In maart keren de tureluurs terug uit Afrika, hoewel er ook vogels zijn die het hele jaar in Nederland blijven. Dit was mijn eerste tureluur van dit jaar.
In hetzelfde gebied waar ik de tureluur aantrof zag ik diezelfde middag ook de eerste kleine plevieren van dit jaar. Het waren er drie en eentje kwam behoorlijk dicht bij de camera zitten.
De hele winter heeft een grote groep zilverreigers in de Ooijpolder gezeten.
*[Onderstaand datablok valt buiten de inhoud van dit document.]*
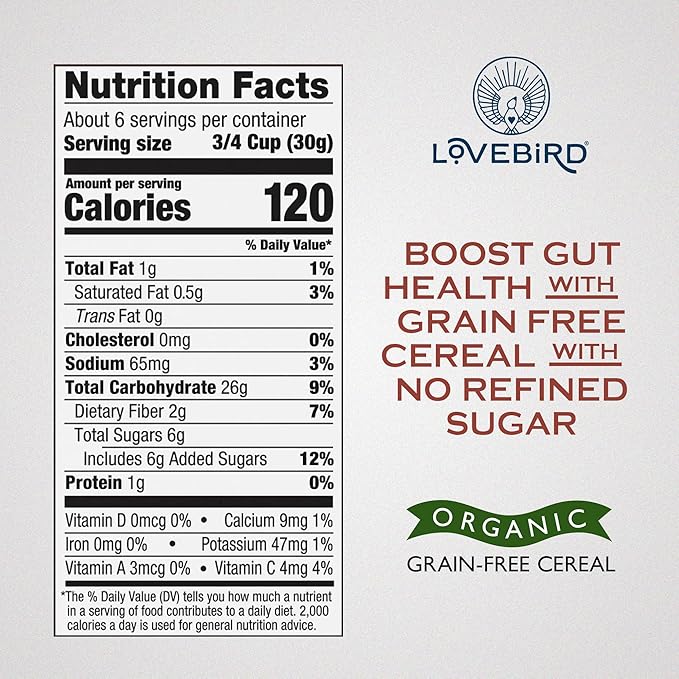 Lovebird Healthy Cereal That Actually Tastes Good - Organic & 100% Real Food, No Refined Sugar &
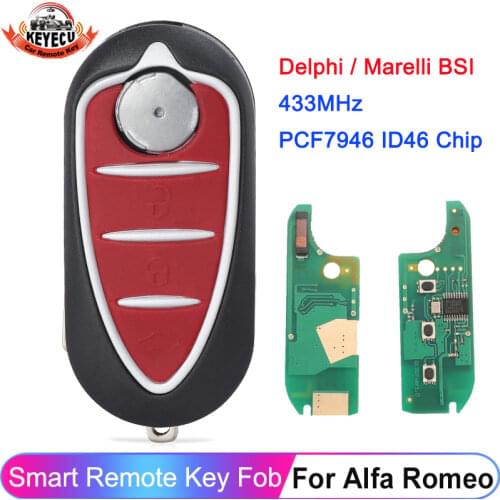 KEYECU Replacement Folding Remote Key Fob 433MHz PCF7947 for Alfa Romeo 147 156 166 GT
De laatste weken zie je ze wat minder, maar eind maart stond er toch weer eentje voor mijn camera.
De smient is vooral in de winter in Nederland te vinden. Zowel in de Ooijpolder als in het water bij Veur-Lent zitten vaak hele groepen van deze mooie eenden. Ze broeden nauwelijks in Nederland, daarvoor gaan ze naar het noorden van Europa en Azië.
Een drietal futen zat elkaar het leven zuur te maken door steeds een soortgenoot te verjagen. Een interessant schouwspel om te bekijken.
Vlakbij deze boerderij zit een ooievaarsnest. Het zit een beetje verborgen, maar zolang er niet teveel bladeren aan de bomen zitten is het goed te zien vanaf de weg.
Er waren ook alweer de nodige vlinders te zien tijdens deze eerste dagen met echt voorjaarsweer. De eerste vlinder die ik op de foto vastlegde was een gehakkelde aurelia. Dagpauwogen vlogen alweer in vrij grote aantallen rond.
De witte kwikstaarten keren al vroeg terug in het land. op de foto hieronder is een rouwkwikstaart te zien. Die is op de rug wat donkerder dan de gewone witte kwikstaart. De rouwkwikstaart is vooral in de kustgebieden te zien, maar zo nu en dan zit er ook een wat dieper in het binnenland. De rouwkwikstaart wordt als een ondersoort van de gewone witte kwikstaart beschouwd.
Op een plek waar verleden jaar een grote groep kneuen was te vinden trof ik eind maart weer de eerste kneu van dit jaar aan, een vrouwtje.
Een zilverreiger had een flinke prooi te pakken. Het kostte duidelijk moeite om het beest te verorberen. Uiteindelijk vloog de reiger weg met de prooi in de snavel.
Maart was dit jaar een fotogenieke maand met de vele uren zonlicht.
Met dit heldere weer kun je aan het eind van de dag mooie foto's van de maan maken waarop de kraters duidelijk zichtbaar zijn.